Chroniqueurs

La violence conjugale, familiale et à caractère sexuel : une affaire personnelle ou professionnelle?

mardi le 22 mars 2022
Modifié à 8 h 37 min le 23 mars 2022
Par Trivium Avocats Notaires Conseils

jbriand@groupetrivium.com

Me Carole-Anne Tremblay (Photo gracieuseté)

Le 6 octobre 2021 entrait en vigueur la Loi modernisant le régime de santé et de sécurité du travail. Cette loi a pour objet de moderniser le régime de santé et de sécurité du travail en matière de prévention et de réparation des lésions professionnelles. Plusieurs changements se veulent d’actualité mais concrètement, quels sont les impacts de cette réforme pour les employeurs et comment doivent-ils s’y conformer? Je vous propose d’y répondre par une brève analyse d’un desdits changements importants.
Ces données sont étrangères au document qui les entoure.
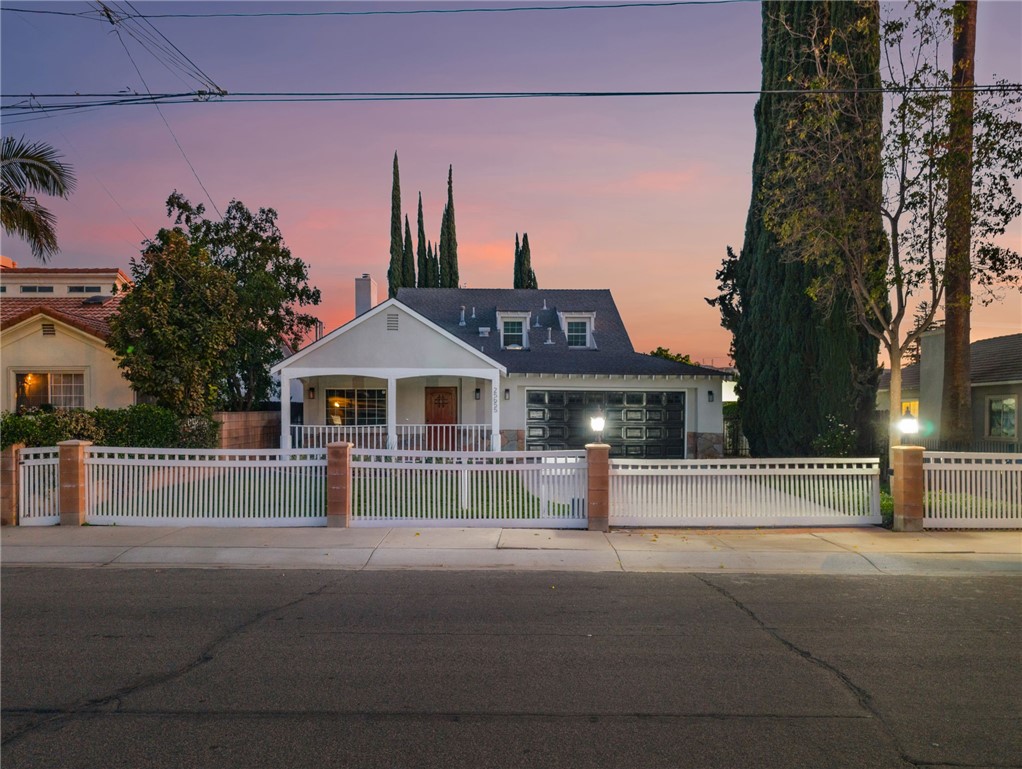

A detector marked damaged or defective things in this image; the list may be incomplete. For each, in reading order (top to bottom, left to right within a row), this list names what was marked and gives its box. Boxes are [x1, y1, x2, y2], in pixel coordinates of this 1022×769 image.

crack in asphalt [0, 572, 351, 748]
crack in asphalt [694, 576, 927, 769]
Bien que la Loi modifie aussi la Loi sur les accidents de travail et les maladies professionnelles et édicte un Règlement sur les maladies professionnelles, les changements parmi les plus importants visent la Loi sur la santé et la sécurité au travail. En effet, l’article 139 de la Loi modernisant le régime de santé et de sécurité au travail modifie l’article 51 de la L.s.s.t. en élargissant l’obligation de l’employeur au Québec. Ce dernier se doit de prendre toutes les mesures nécessaires pour assurer la protection de la travailleuse ou du travailleur exposé à une situation de violence physique ou psychologique, y compris une situation de violence conjugale, familiale ou à caractère sexuel. L’employeur est tenu de prendre ces mesures lorsqu’il sait ou devrait raisonnablement savoir que le travailleur est exposé à cette violence.
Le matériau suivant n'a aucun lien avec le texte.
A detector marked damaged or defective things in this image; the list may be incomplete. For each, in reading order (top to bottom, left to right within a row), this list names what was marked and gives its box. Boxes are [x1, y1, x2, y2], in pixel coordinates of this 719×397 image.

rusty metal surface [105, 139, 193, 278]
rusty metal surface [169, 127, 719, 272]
Reprenant les définitions de l’INSPQ et du gouvernement du Canada, la CNESST dresse sur sa page une synthèse détaillée des définitions des types de violences, de leurs manifestations en milieu de travail, des obligations des employeurs et des travailleurs à leur prévention, à la reconnaissance des signes et à la possibilité d’un plan de sécurité individuel. Bien entendu, ladite synthèse a comme objectif de sensibiliser les travailleurs et les employeurs, mais également de guider ces derniers dans l’applications des mesures de prévention et d’intervention que la Loi leur demande.
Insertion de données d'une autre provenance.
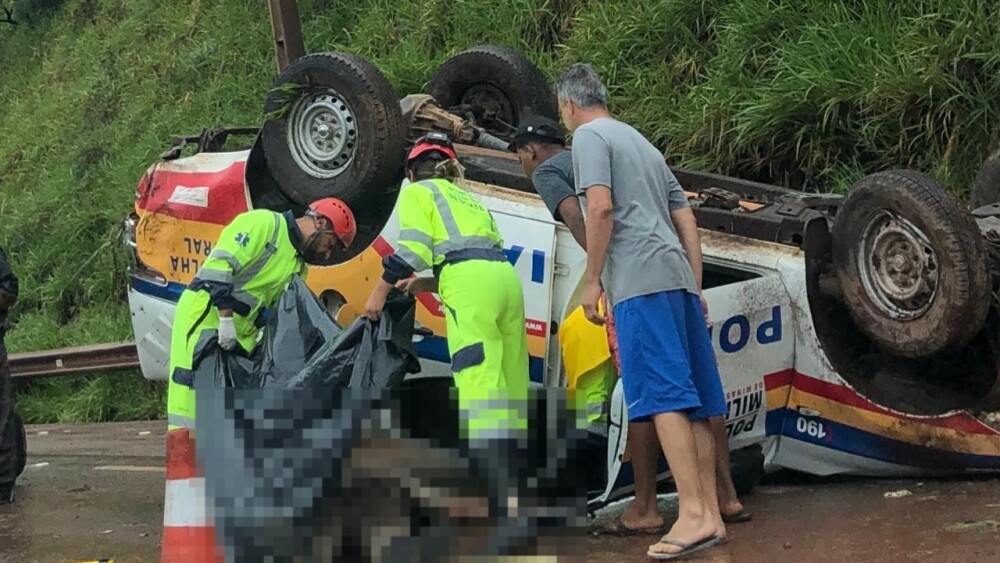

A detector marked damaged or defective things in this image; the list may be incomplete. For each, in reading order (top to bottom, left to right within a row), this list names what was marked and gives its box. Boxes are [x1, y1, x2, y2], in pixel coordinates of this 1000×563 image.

overturned white pickup truck [123, 45, 1000, 512]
Ces modifications législatives constituent un changement majeur pour les employeurs québécois qui, anciennement, ne devaient prendre que les mesures nécessaires pour protéger la santé et assurer la sécurité et l’intégrité physique de leurs travailleurs. On peut penser que cette nouvelle disposition s’inscrit dans un climat social beaucoup plus conscientisé qu’à l’origine, à l’image de la société actuelle. De plus, ladite modification législative suit le pas du Règlement sur la prévention du harcèlement et de la violence dans le lieu de travail adopté par le gouvernement fédéral en 2020. Essentiellement, ledit règlement prévoit les mêmes obligations pour un employeur que celles introduites dans la Loi modernisant le régime de santé et de sécurité au travail, c’est-à-dire recenser des facteurs de risques, mettre en place des mesures pour prévenir une telle situation de violence et prévoir un plan d’intervention en présence d’une telle situation.

À ce stade-ci, le Tribunal administratif du travail n’a pas encore eu l’occasion de se prononcer et d’interpréter l’étendue de cette nouvelle obligation. Il sera intéressant pour l’avenir d’en savoir davantage une fois que le Tribunal aura pu statuer sur des demandes concernant l’admissibilité d’une personne victime malgré les mesures mises en place par son employeur, la portée de l’obligation de l’employeur, la cotisation d’assurance payée par l’employeur à la CNESST sera-t-elle réévaluée à la hausse, etc.

Je crois que le législateur a été limpide dans son intention de lutter contre les violences conjugales, familiales et à caractère sexuel, jusqu’à étendre la lutte en milieu de travail. Espérons toutefois que s’il compte impliquer directement les employeurs dans son combat, qu’il les munisse adéquatement pour agir et qu’il s’assure de la bonne formation et conscientisation de chaque employeur pour y parvenir. Après tout, n’est-ce pas à l’avantage de tous, employeurs y compris, qu’un milieu de travail soit exempt de toute violence conjugale, familiale ou à caractère sexuel?